» ABOUT THIS EXERCISE
Write each line below back out exactly, omitting its pictures.

» SOURCE MATERIAL

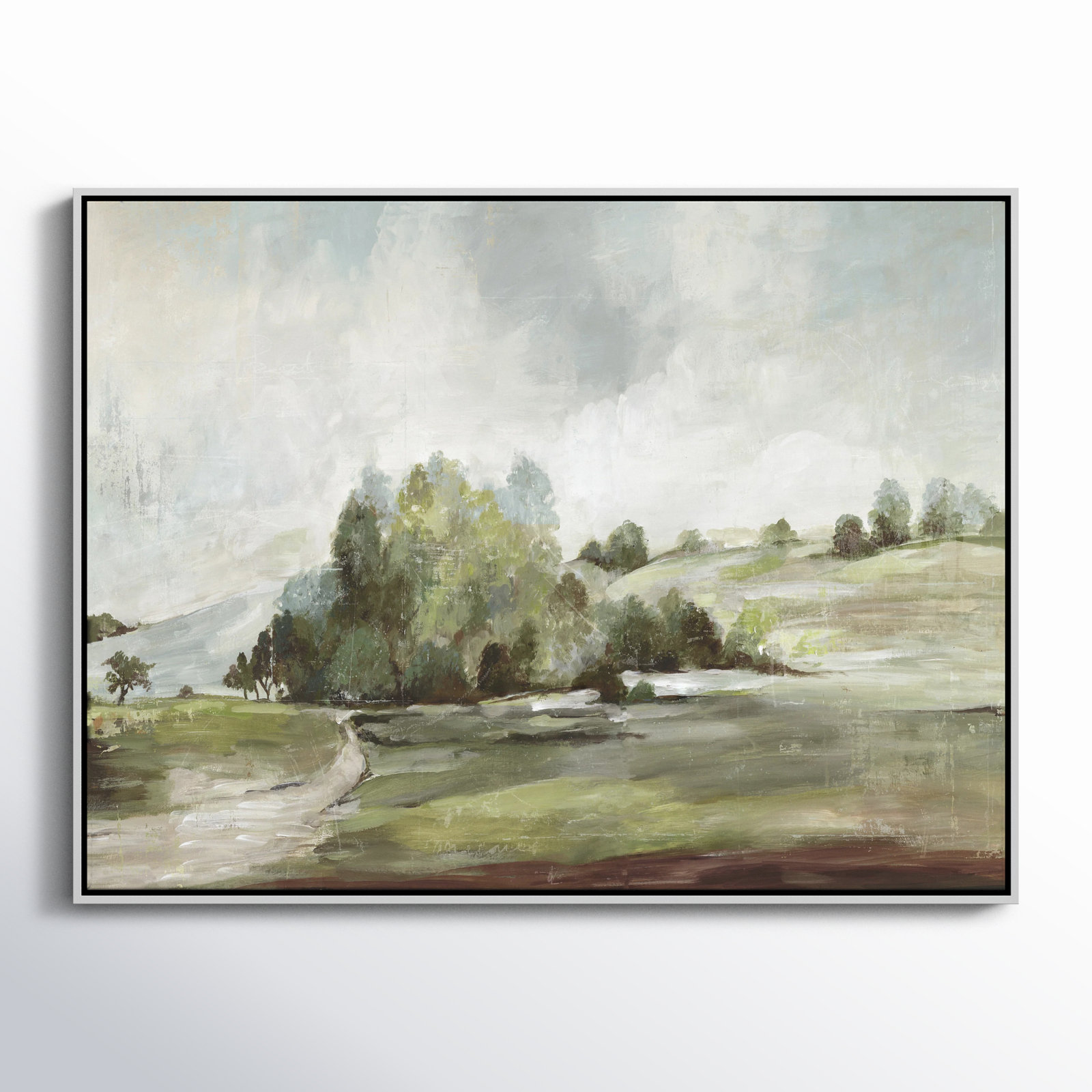 Concorde "Green Country Road" Print, 41.5" H x 61.5" W, White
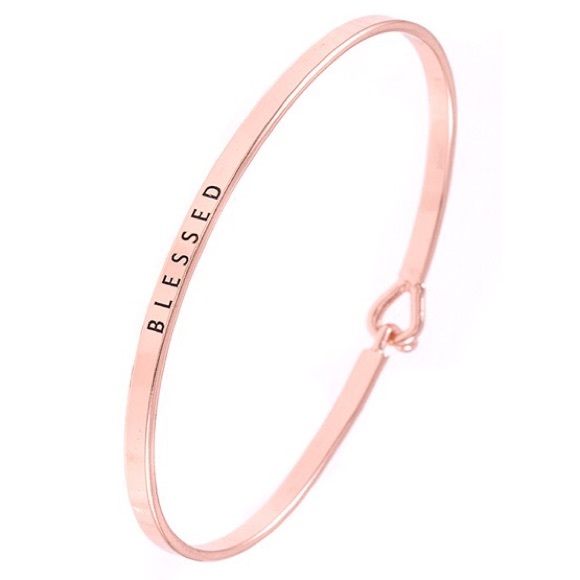 Rose Gold Blessed Etch Inspirational Metal Bangle - Picture 2 of 2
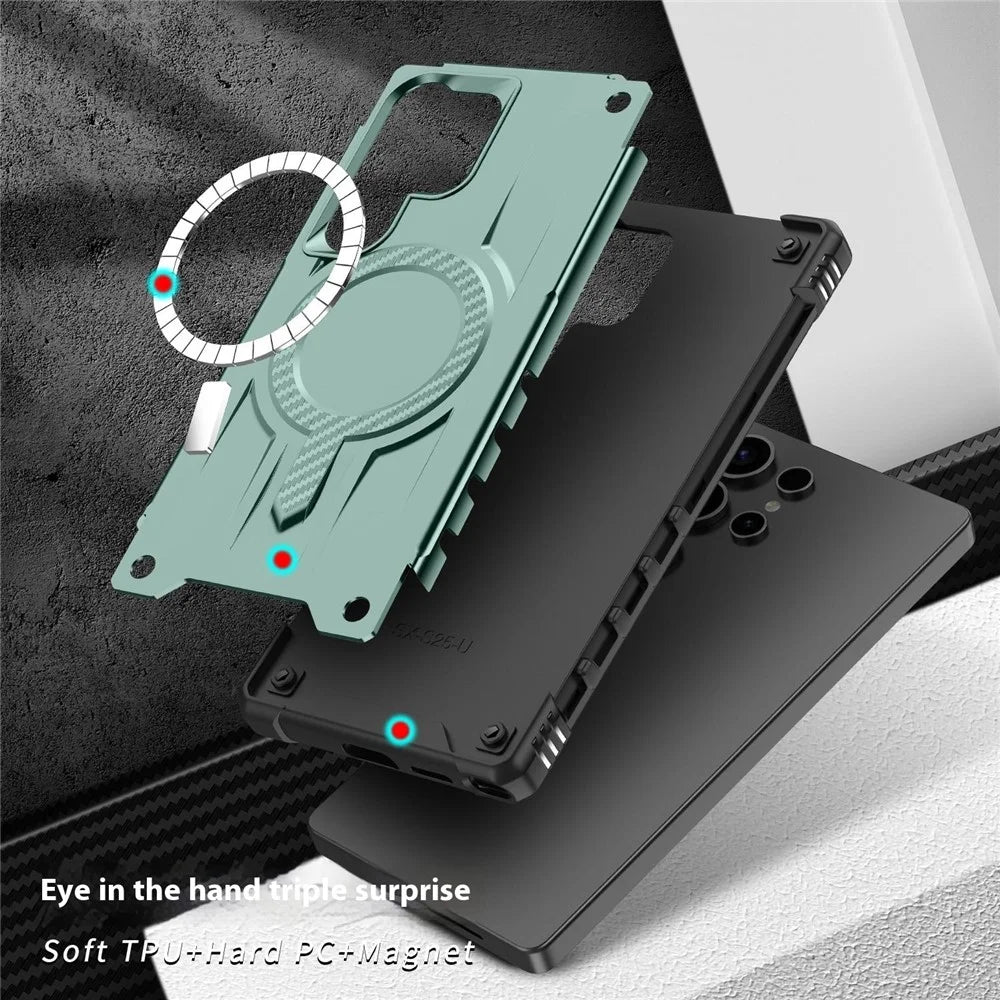 For Samsung Galaxy S24 Ultra Magnetic Case Four Corner Airbags PC + TPU Phone Cover - Midnight Green - 4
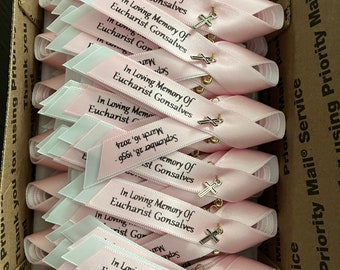 Custom Memorial Ribbon Pin, Funeral Remembrance Keepsake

» ANSWER BOX
 Concorde "Green Country Road" Print, 41.5" H x 61.5" W, White
 Rose Gold Blessed Etch Inspirational Metal Bangle - Picture 2 of 2
 For Samsung Galaxy S24 Ultra Magnetic Case Four Corner Airbags PC + TPU Phone Cover - Midnight Green - 4
 Custom Memorial Ribbon Pin, Funeral Remembrance Keepsake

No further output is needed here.